Extracted from: Emerging Semiconductor Substrates: Market & Technology Trends, Yole Développement, 2019

OUTLINES:

  • Emerging semiconductor substrates are expected to grow at a 24% CAGR from 2018 – 2024.
  • Electronics and photonics applications are creating plenty of opportunities for emerging semiconductor substrates.
  • There are many drivers for emerging materials.
  • Engineered substrates for filters is taking off – An interview with Soitec

TO DOWNLOAD THE PRESS RELEASE: ENGLISH

LYON, France – June 27, 2019: The silicon world is not perfect. It is a fact. Industrial companies are daily trying to push this substrate beyond its limits… Under this context, alternative platforms and compound semiconductors have emerged and the semiconductor industry is showing today lot of success stories: GaAs for RF and photonics applications, SiC for power and RF applications, GaN -on-sapphire for LEDs , and SOI for RF and CIS imaging sensors and more. Without doubts, electronics and photonics applications are creating plenty of opportunities for emerging semiconductor substrates. Combined, Yole Développement (Yole) expects the emerging semiconductor substrate market to surpass US$400 million, growing at a 24% CAGR between 2018 and 2024.

The market research and strategy consulting company, Yole proposes today a comprehensive technology & market report focused on the emerging semiconductor substrates. Emerging Semiconductor Substrates: Market & Technology Trends report covers state-of-the-art crystalline semiconductor substrates, including GaSb , InSb , GaN, Ga2O3 , AlN , and diamond. GaN, AlN templates, and engineered substrates like POI are also well detailed in this market & technology analysis. The emerging semiconductor substrates report conveys Yole Développement’s (Yole) understanding of these substrates’ application potential in RF, power electronics, photonics (including laser diodes), LEDs, sensors, and detectors.
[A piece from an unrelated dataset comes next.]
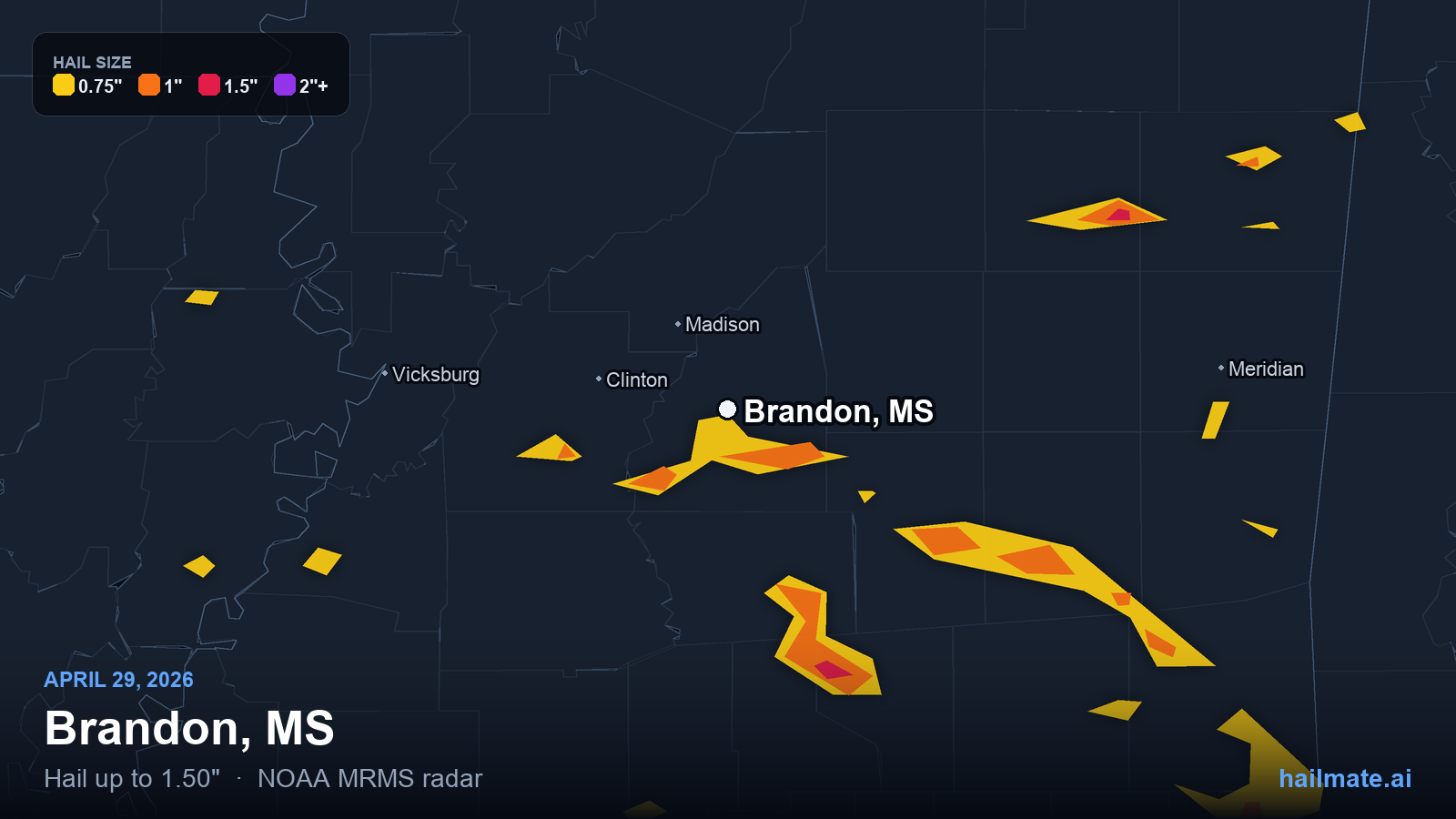 Hail swath map for Brandon, MS on April 29, 2026 showing 1.50 inch hail.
This report is part of Yole’s global strategy to propose a deep understanding of the overall semiconductor supply chain and its evolution. From emerging semiconductor substrates to UV LED or EEL, including RF components for 5G for example, analysts are daily interacting with leading companies to understand technical issues and market challenges. With a special focus on emerging substrates, Yole’s analysts point out today opportunities of business and development for emerging substrates and related products.

Starting with RF applications, there are numerous market drivers, including 5G for infrastructure and handsets, defense applications and civil automotive radar, and more. For example, 5G deploys MIMO , which is used in high-end 4G LTE phones. MIMO is obligatory for handsets, and more filters will be needed. Plus, better performance is required, which implies a big market opportunity for new materials.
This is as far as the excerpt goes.